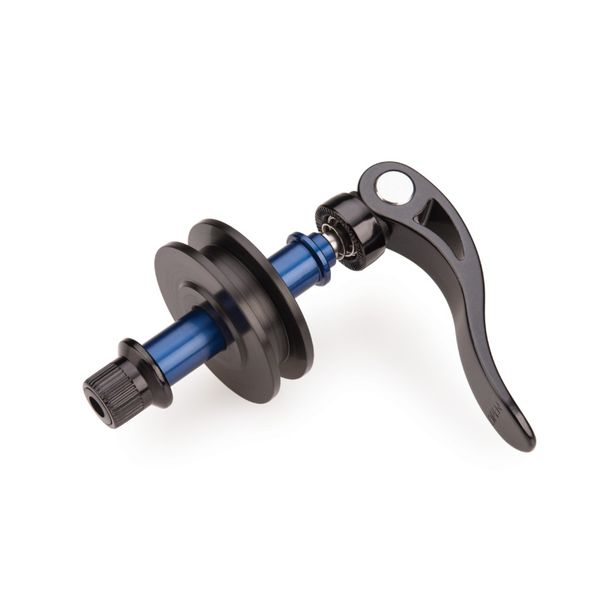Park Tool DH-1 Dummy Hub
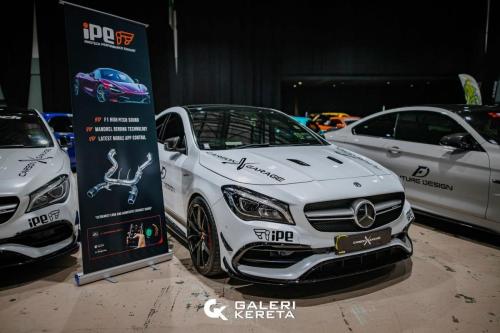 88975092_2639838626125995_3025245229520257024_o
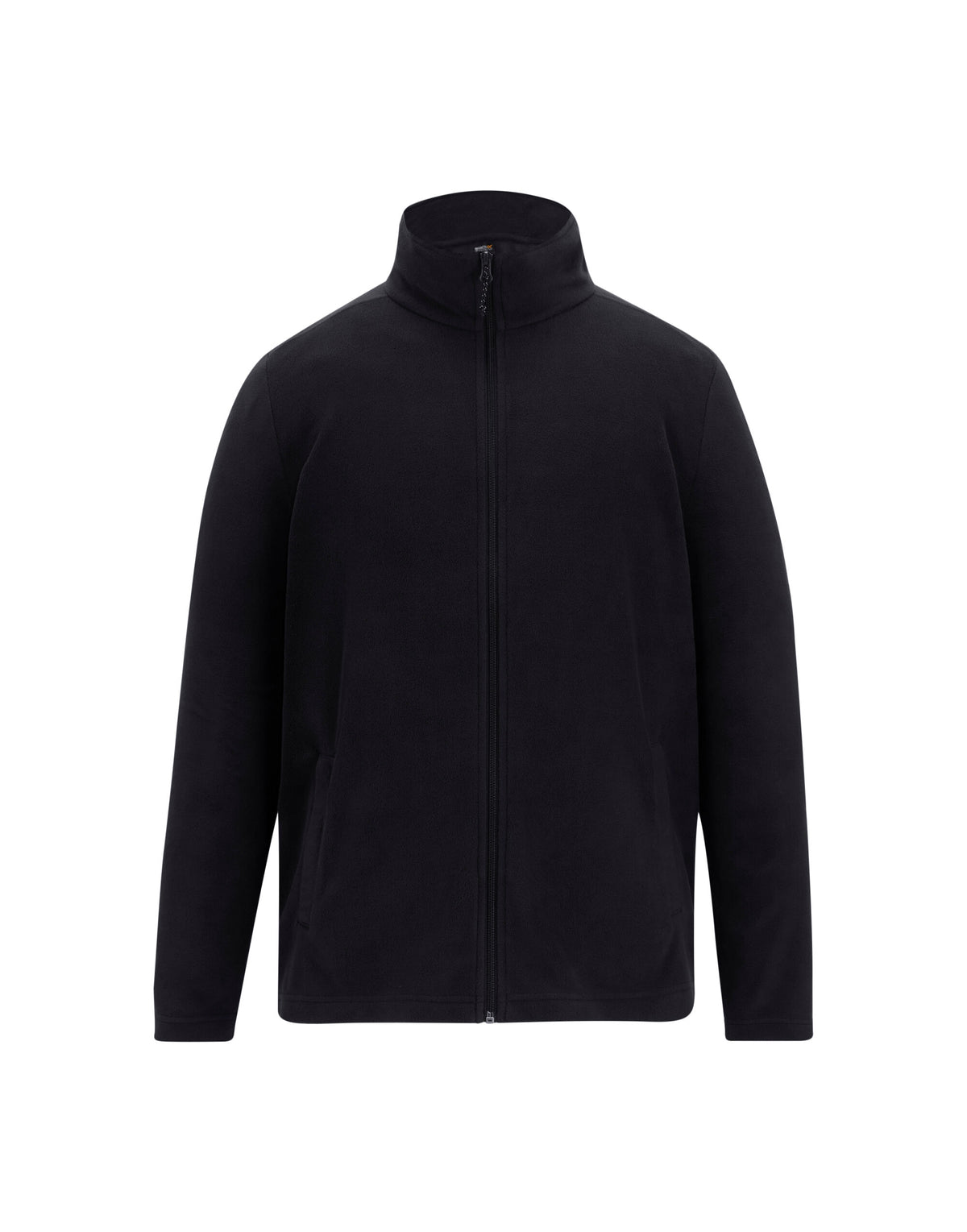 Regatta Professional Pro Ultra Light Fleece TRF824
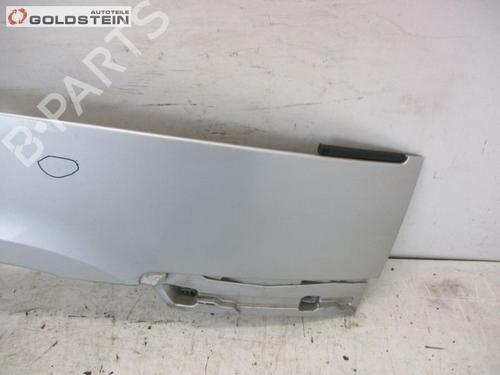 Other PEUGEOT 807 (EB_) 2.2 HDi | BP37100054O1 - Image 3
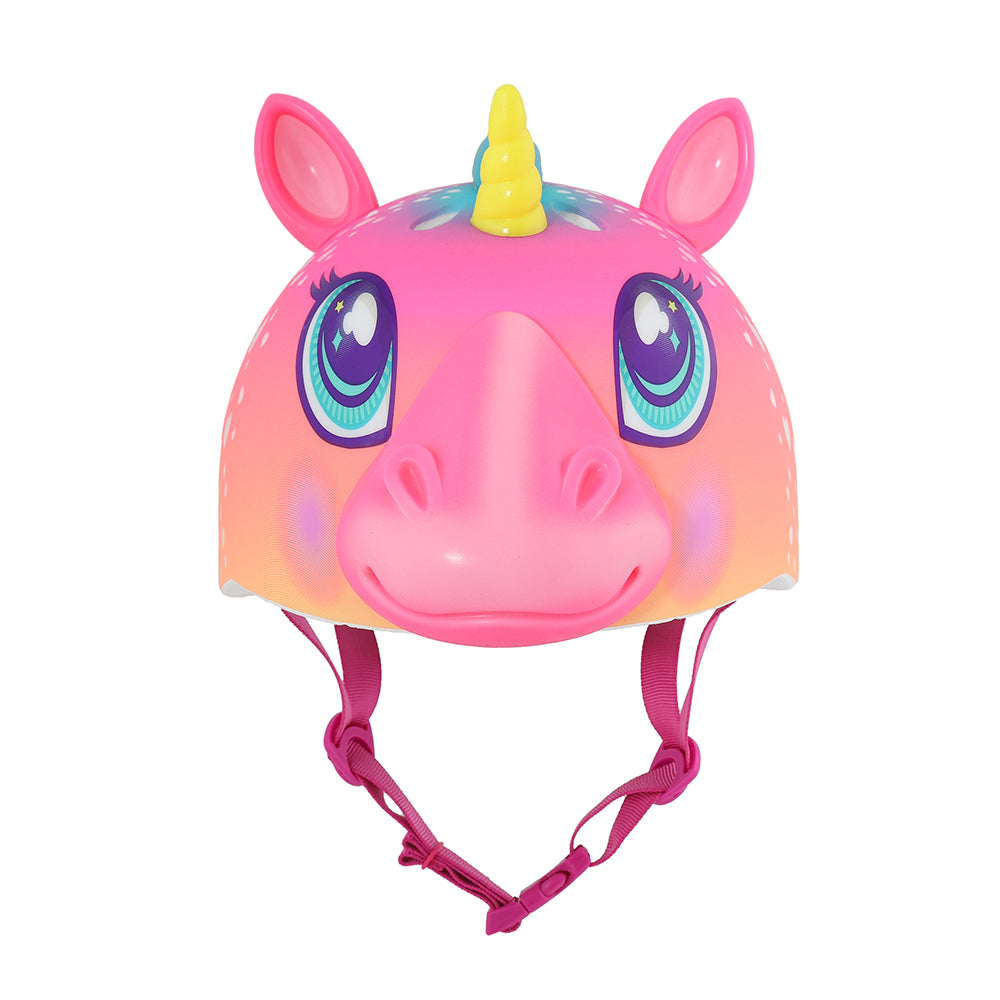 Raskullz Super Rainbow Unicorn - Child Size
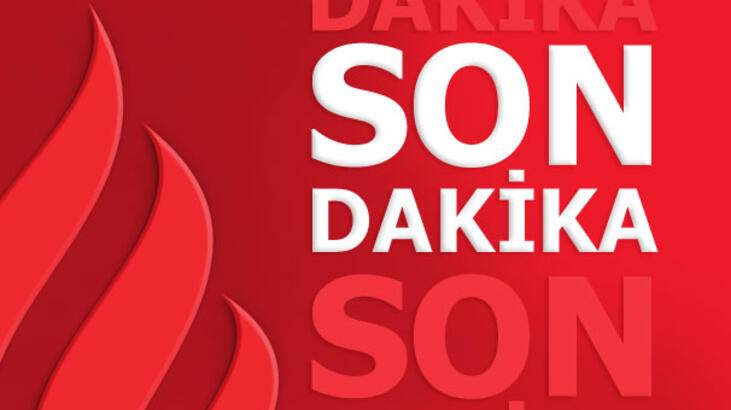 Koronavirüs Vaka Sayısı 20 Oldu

● Task to complete:
Restate word for word, and only, the lines from the line that contains "88975092_2639838626125995_3025245229520257024_o" through the end of the data, both included; pictures are not part of the copy.

● Answer area:
 88975092_2639838626125995_3025245229520257024_o
 Regatta Professional Pro Ultra Light Fleece TRF824
 Other PEUGEOT 807 (EB_) 2.2 HDi | BP37100054O1 - Image 3
 Raskullz Super Rainbow Unicorn - Child Size
 Koronavirüs Vaka Sayısı 20 Oldu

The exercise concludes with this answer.